Thursday, May 3, 2018

Downtime

A few days ago I had an interesting case of a server downtime. The server is just a playground for developers, so no big deal. But still, lessons learned.

The reports came almost simultaneously from developers and from the monitoring system, "cannot connect". And indeed, the server was not pingable. Someone else's server, with IP equal to the IP of our server with the last octet increased by 2, was pingable, so I concluded it was not a network problem.

Next reaction: look at the server's screen, using remote KVM provided by the hoster. Kernel panic! OK, need to screenshot it (done) and reboot the server. Except that the Power Control submenu in the viewer is grayed out, so I can't. And a few months ago, when we needed a similar kind of reset, it was there.

OK, so I created a ticket for resetting the server manually. And I had to remind them that the remote reboot functionality is supposed to work.

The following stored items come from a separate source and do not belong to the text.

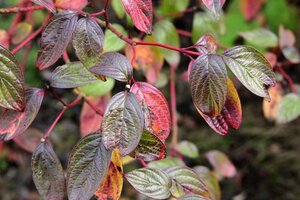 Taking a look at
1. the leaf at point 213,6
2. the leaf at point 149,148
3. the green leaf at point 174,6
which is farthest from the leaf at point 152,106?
the green leaf at point 174,6

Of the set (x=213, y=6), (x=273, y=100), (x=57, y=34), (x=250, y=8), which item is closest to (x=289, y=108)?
(x=273, y=100)

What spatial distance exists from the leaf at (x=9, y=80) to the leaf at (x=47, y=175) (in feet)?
0.44

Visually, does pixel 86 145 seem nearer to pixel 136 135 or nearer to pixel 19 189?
pixel 136 135

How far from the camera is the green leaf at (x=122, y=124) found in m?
0.69

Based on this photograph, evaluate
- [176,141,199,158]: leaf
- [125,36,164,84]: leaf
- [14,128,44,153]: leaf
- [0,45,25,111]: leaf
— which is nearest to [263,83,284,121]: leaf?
[176,141,199,158]: leaf

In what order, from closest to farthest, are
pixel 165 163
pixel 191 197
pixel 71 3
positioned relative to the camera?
pixel 191 197, pixel 71 3, pixel 165 163

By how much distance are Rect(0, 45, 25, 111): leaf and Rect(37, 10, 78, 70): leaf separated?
0.07 m

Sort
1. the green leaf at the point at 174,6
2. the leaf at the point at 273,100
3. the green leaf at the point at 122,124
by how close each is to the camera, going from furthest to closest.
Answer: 1. the green leaf at the point at 174,6
2. the leaf at the point at 273,100
3. the green leaf at the point at 122,124

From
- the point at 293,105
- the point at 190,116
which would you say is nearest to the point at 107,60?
the point at 293,105

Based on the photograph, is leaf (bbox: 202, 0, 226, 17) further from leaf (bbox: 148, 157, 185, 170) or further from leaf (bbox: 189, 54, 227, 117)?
leaf (bbox: 148, 157, 185, 170)

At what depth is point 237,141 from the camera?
Result: 2299mm

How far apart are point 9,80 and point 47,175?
0.60ft

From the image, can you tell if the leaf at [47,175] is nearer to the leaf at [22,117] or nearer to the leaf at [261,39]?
the leaf at [22,117]

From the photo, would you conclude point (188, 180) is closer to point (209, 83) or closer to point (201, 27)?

Here is the hoster's reply (PDU = power distribution unit):

Dear Alexander,

Upon checking on the PDU, the PDU is refusing connection.

We'll arrange a PDU replacement the soonest possible.

We apologise for the inconvenience caused.

Everybody reading this post, now, please check that you don't fall into the same trap. Run your iKVM viewer against each of your server that it can connect to, and check that it runs, and that the menu item to reset the server still exists. Create a calendar reminder to periodically recheck it.

And maybe append "panic=10" to your linux kernel command line, so that manual intervention is not needed next time.